▸ Work order
Word for word, restate the lines of the listing below from the line with "100 Silk Twill" through the line with "MS license plate MFT627", and do not include the pictures.

▸ Supplied records
-------------------------

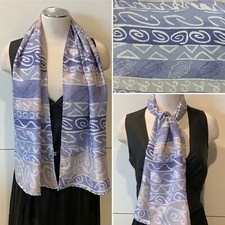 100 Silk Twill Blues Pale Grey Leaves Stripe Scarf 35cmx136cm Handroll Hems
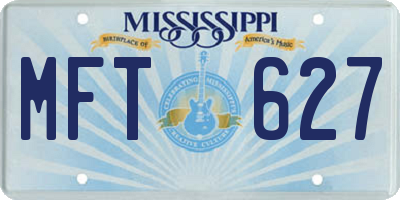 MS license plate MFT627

-------------------------

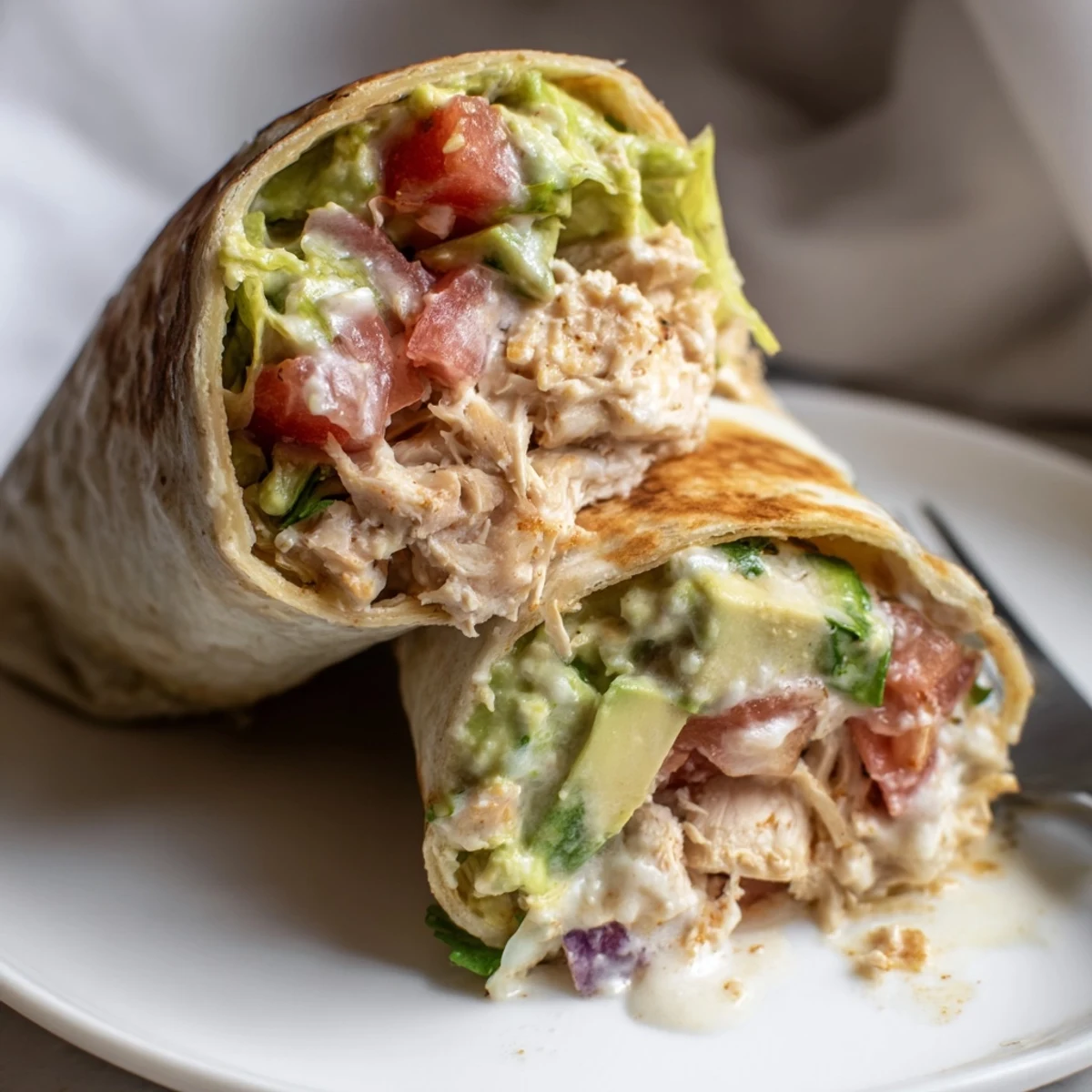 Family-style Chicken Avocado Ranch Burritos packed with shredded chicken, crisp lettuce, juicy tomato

-------------------------

▸ Reply to the exercise
 100 Silk Twill Blues Pale Grey Leaves Stripe Scarf 35cmx136cm Handroll Hems
 MS license plate MFT627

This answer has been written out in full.